PROBLEM DETAILS ▸ Once you reach the line with "8360 Greensboro Drive 1010, Mclean VA 22102", copy it and every line after it exactly, up to the end of the data. Omit the pictures.

EXTRACTED MATERIAL ▸
┌────────

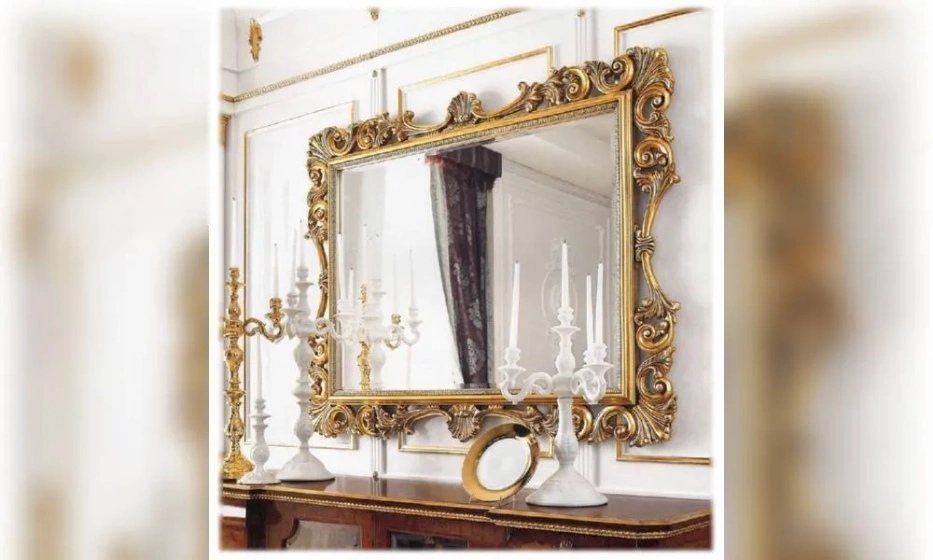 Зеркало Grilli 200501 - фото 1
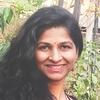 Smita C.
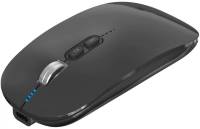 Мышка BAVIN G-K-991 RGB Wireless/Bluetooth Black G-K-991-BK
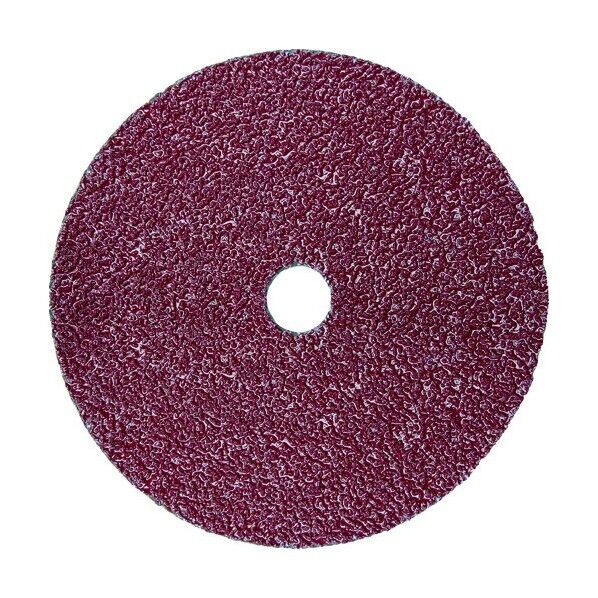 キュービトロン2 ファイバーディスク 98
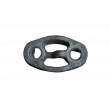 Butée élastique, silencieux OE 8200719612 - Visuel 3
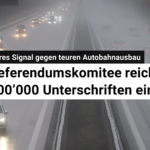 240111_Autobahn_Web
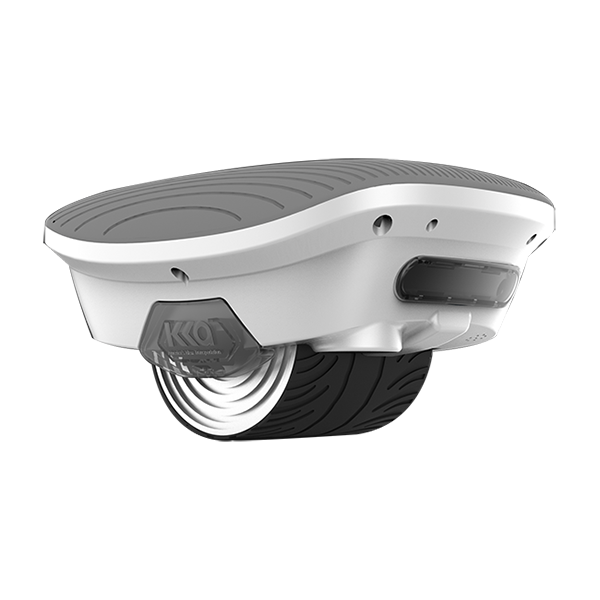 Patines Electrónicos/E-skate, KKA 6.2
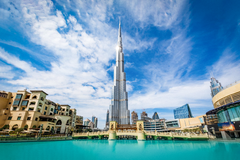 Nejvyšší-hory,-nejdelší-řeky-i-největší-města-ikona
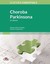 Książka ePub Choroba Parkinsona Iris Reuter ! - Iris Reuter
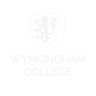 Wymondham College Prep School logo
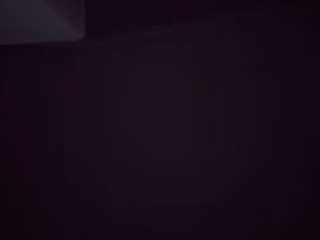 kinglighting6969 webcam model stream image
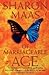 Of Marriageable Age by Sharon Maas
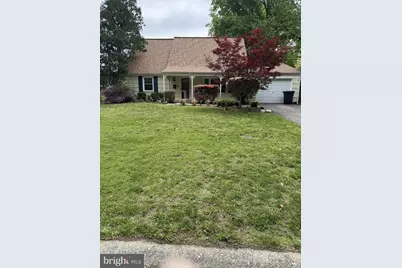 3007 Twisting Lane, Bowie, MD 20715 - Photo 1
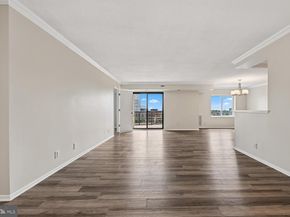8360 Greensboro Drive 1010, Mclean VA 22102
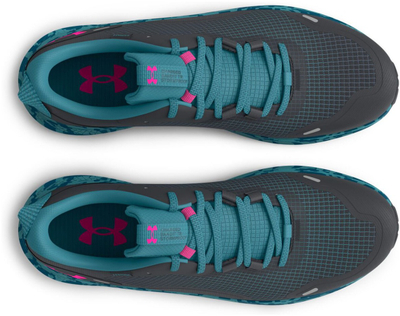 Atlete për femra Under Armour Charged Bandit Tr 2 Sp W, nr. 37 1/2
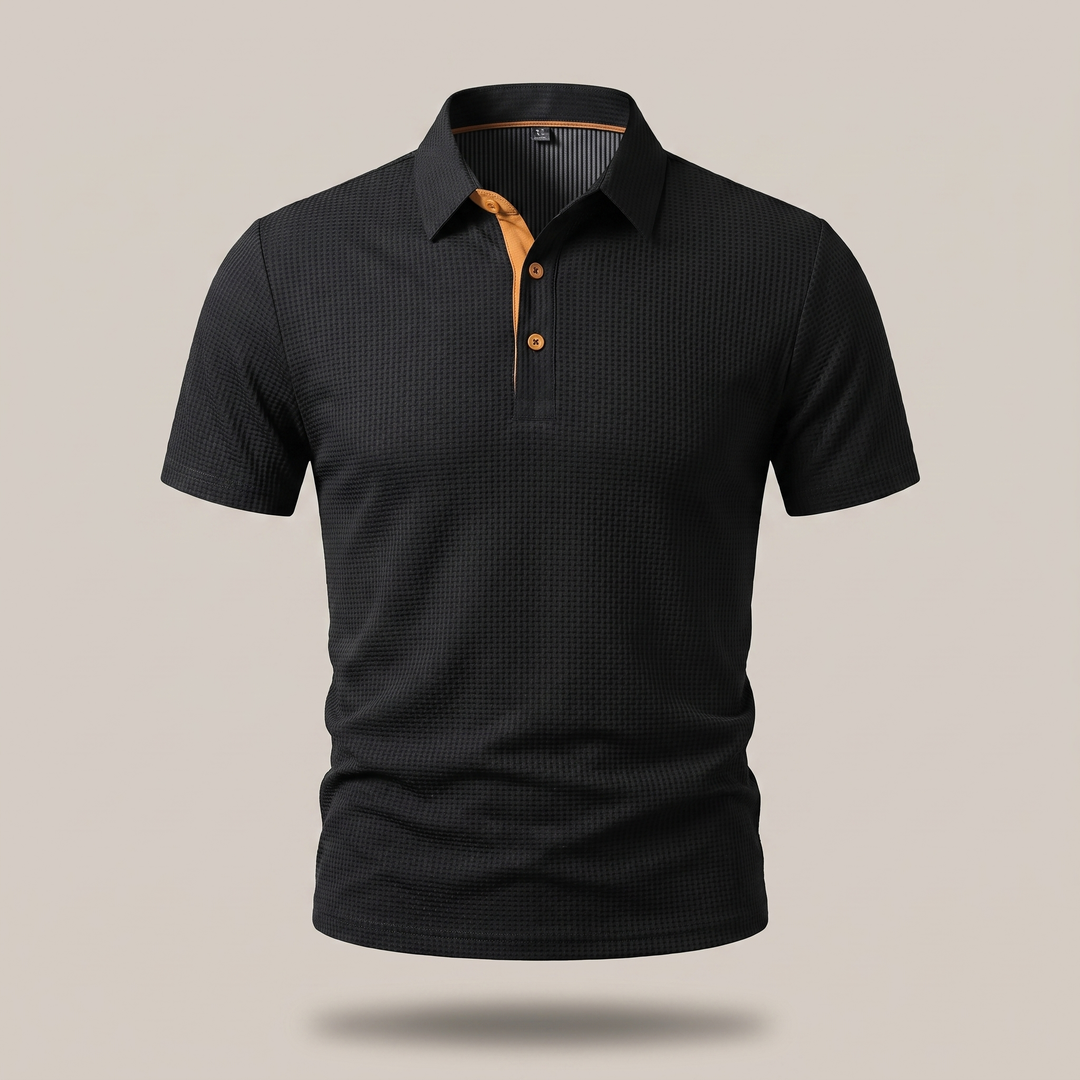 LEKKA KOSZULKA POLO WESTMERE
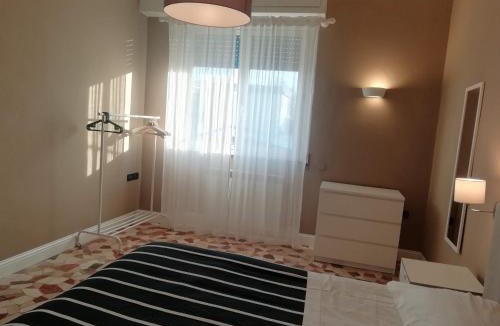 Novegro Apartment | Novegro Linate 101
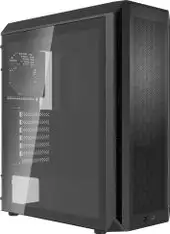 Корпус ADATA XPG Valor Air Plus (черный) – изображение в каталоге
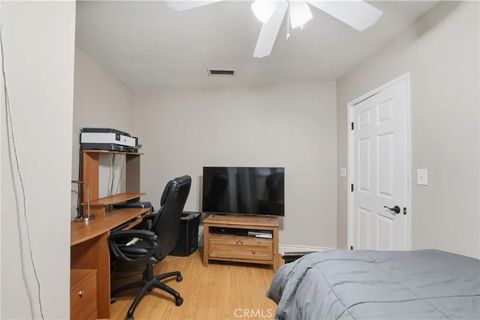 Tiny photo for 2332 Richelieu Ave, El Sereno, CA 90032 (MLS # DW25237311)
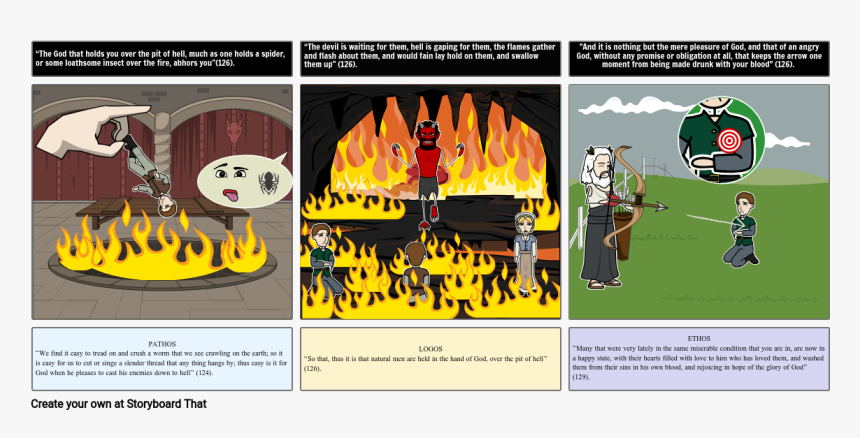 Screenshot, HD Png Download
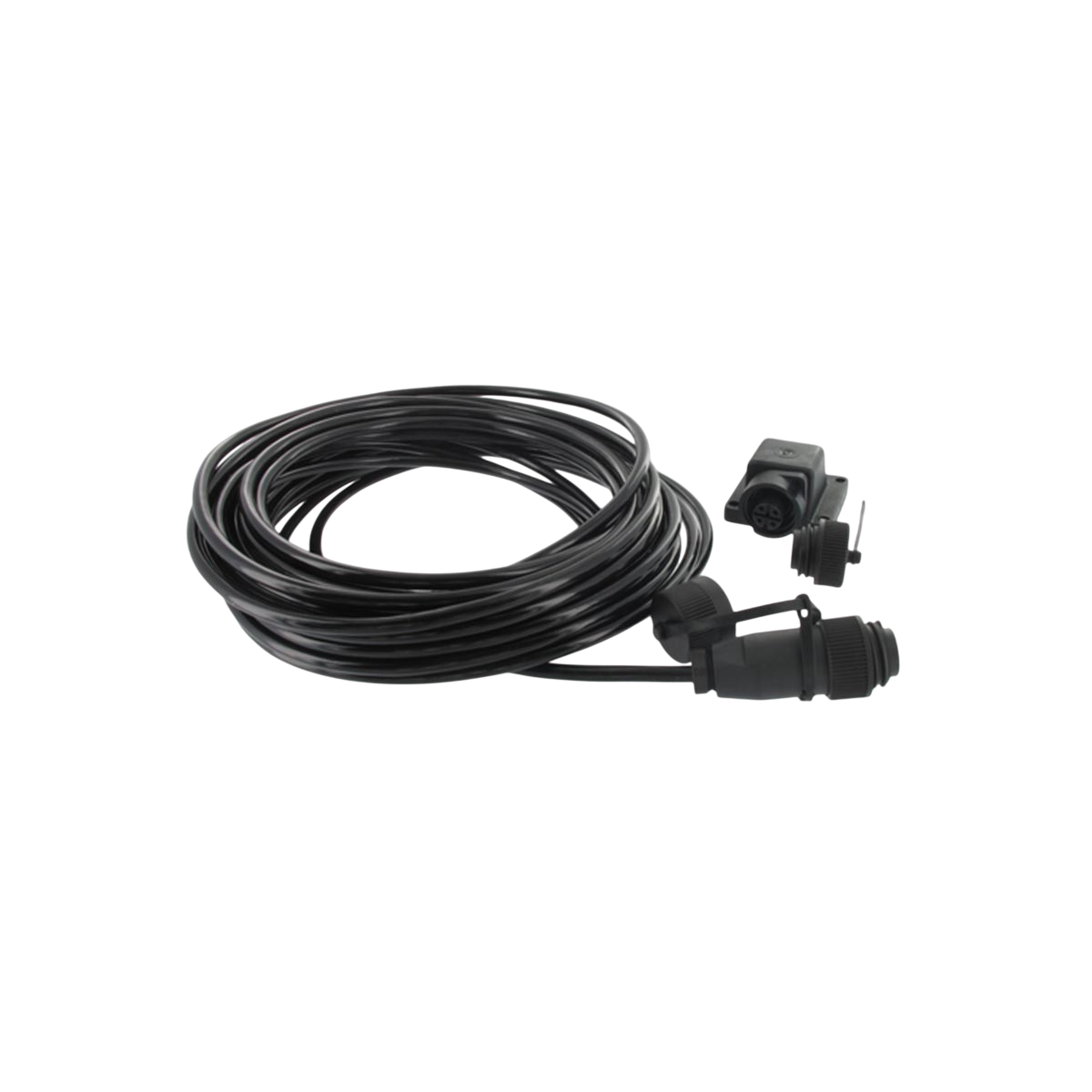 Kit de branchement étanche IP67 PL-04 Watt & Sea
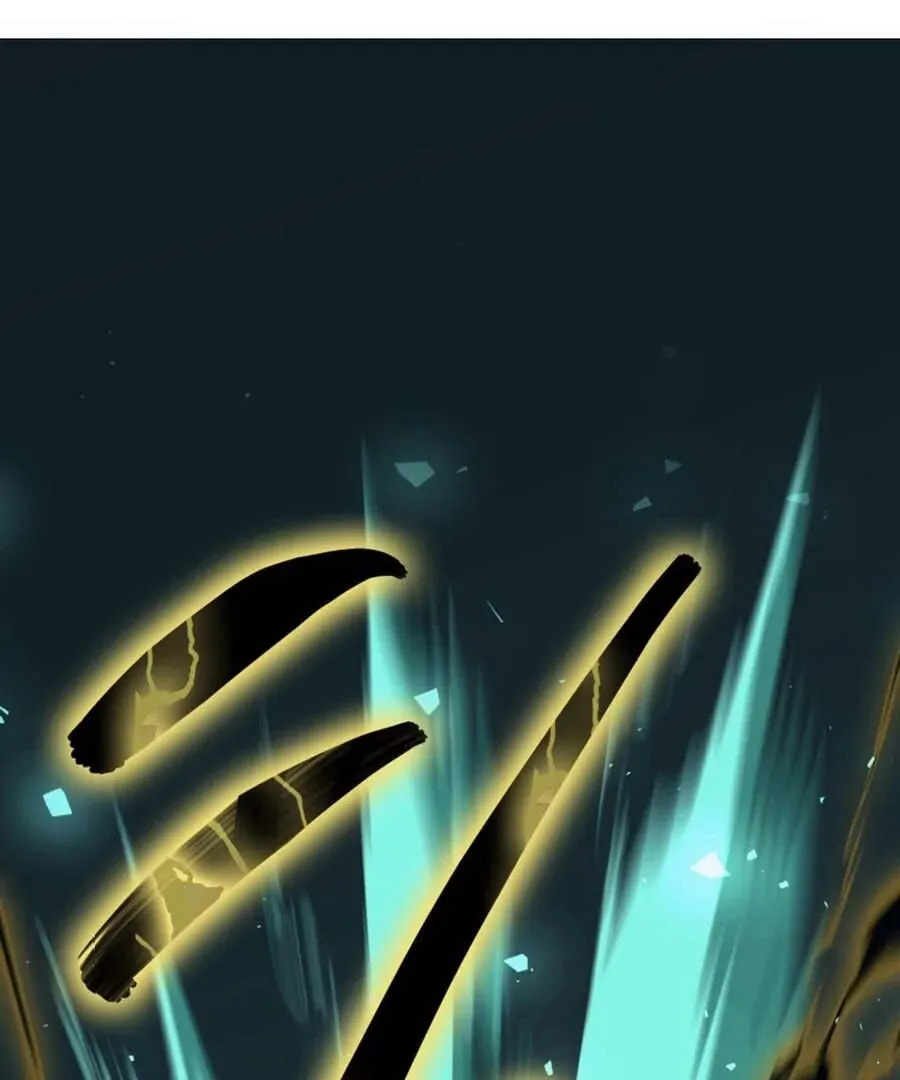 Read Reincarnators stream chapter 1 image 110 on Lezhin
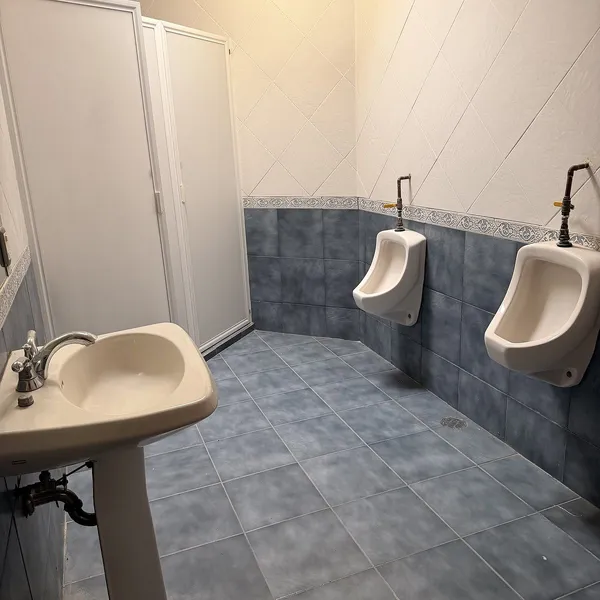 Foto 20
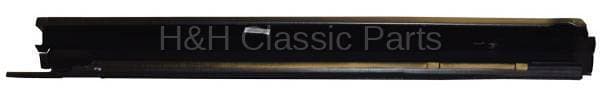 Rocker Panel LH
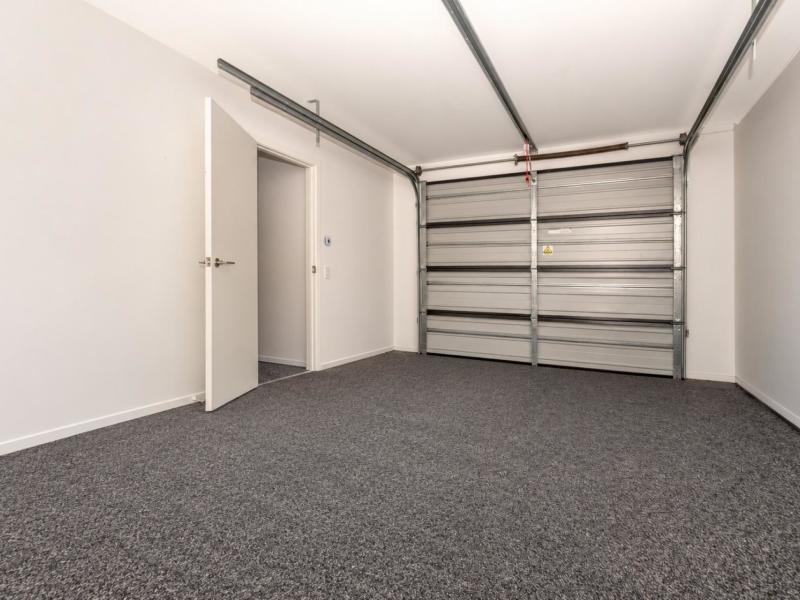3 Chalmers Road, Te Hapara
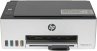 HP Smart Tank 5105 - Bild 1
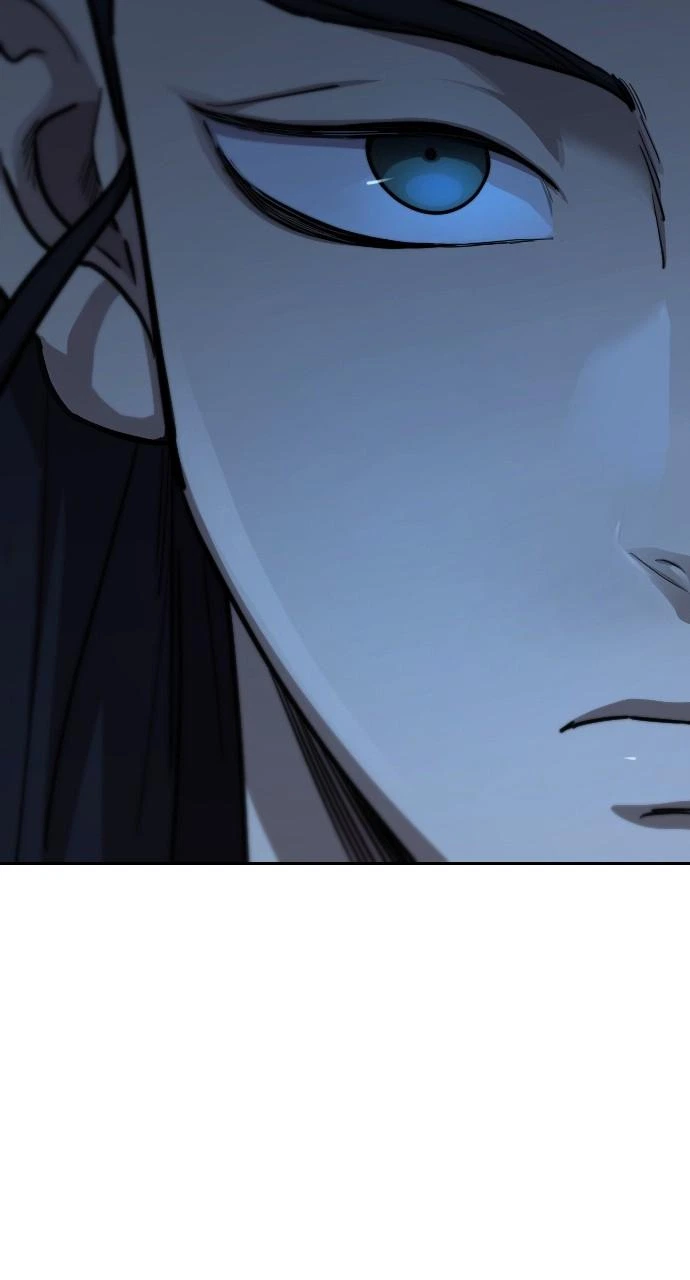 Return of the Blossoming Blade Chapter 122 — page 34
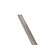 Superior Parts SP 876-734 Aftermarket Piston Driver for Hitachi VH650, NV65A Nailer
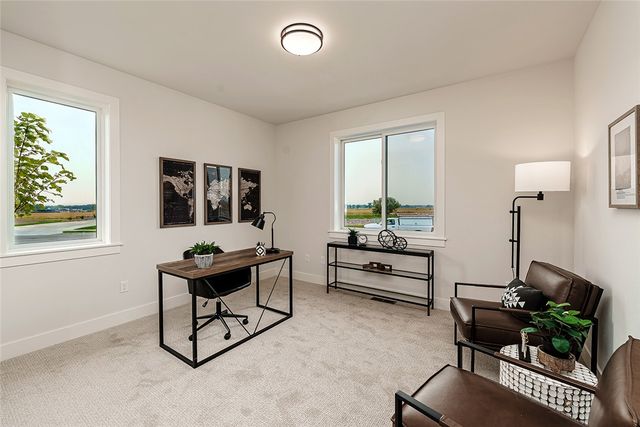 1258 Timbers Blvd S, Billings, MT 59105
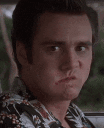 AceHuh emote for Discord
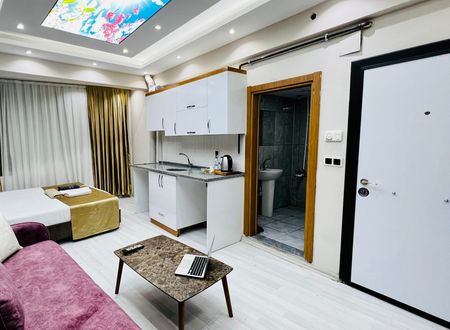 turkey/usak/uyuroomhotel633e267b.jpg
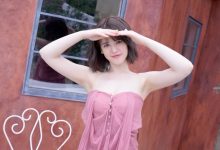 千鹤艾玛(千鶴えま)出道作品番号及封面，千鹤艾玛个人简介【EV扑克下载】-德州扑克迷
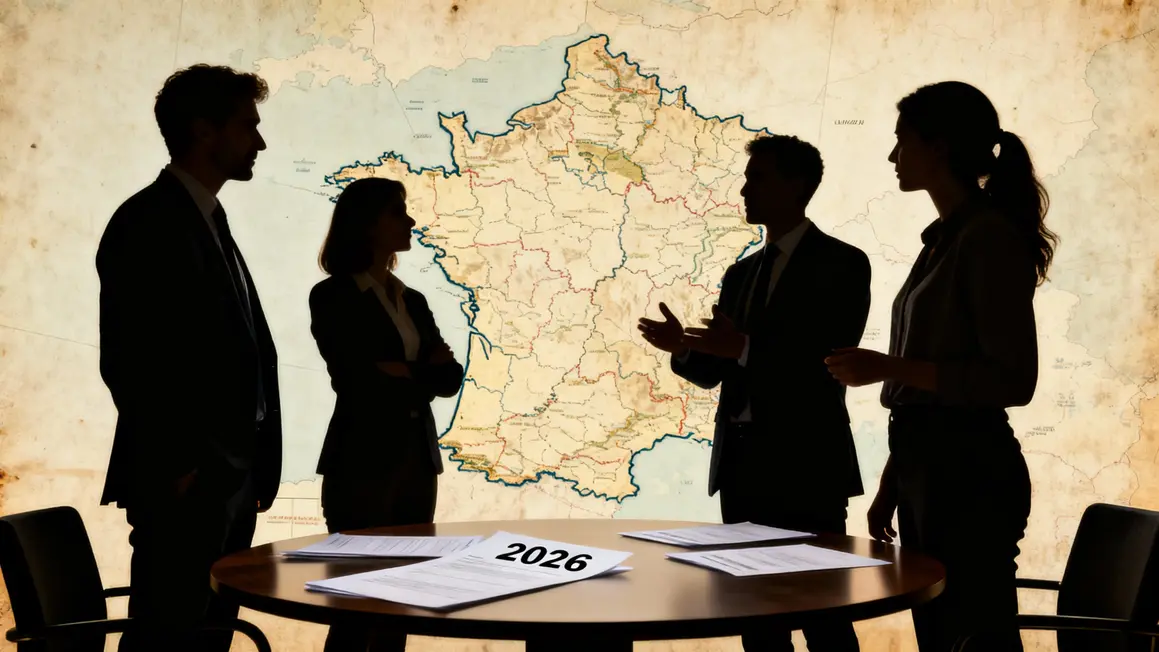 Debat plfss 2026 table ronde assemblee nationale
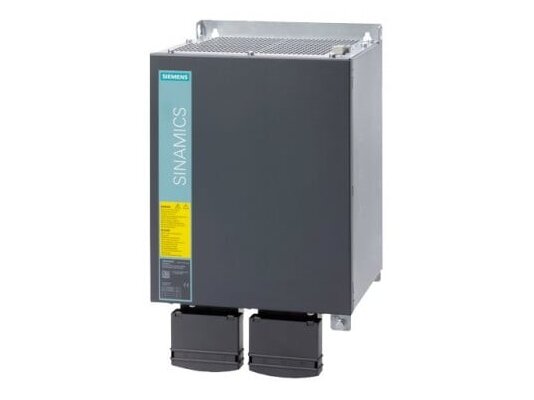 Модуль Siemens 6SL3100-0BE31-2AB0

└────────

COMPLETED TASK ▸
8360 Greensboro Drive 1010, Mclean VA 22102
 Atlete për femra Under Armour Charged Bandit Tr 2 Sp W, nr. 37 1/2
 LEKKA KOSZULKA POLO WESTMERE
 Novegro Apartment | Novegro Linate 101
 Корпус ADATA XPG Valor Air Plus (черный) – изображение в каталоге
 Tiny photo for 2332 Richelieu Ave, El Sereno, CA 90032 (MLS # DW25237311)
 Screenshot, HD Png Download
 Kit de branchement étanche IP67 PL-04 Watt & Sea
 Read Reincarnators stream chapter 1 image 110 on Lezhin
 Foto 20
 Rocker Panel LH
3 Chalmers Road, Te Hapara
 HP Smart Tank 5105 - Bild 1
 Return of the Blossoming Blade Chapter 122 — page 34
 Superior Parts SP 876-734 Aftermarket Piston Driver for Hitachi VH650, NV65A Nailer
 1258 Timbers Blvd S, Billings, MT 59105
 AceHuh emote for Discord
 turkey/usak/uyuroomhotel633e267b.jpg
 千鹤艾玛(千鶴えま)出道作品番号及封面，千鹤艾玛个人简介【EV扑克下载】-德州扑克迷
 Debat plfss 2026 table ronde assemblee nationale
 Модуль Siemens 6SL3100-0BE31-2AB0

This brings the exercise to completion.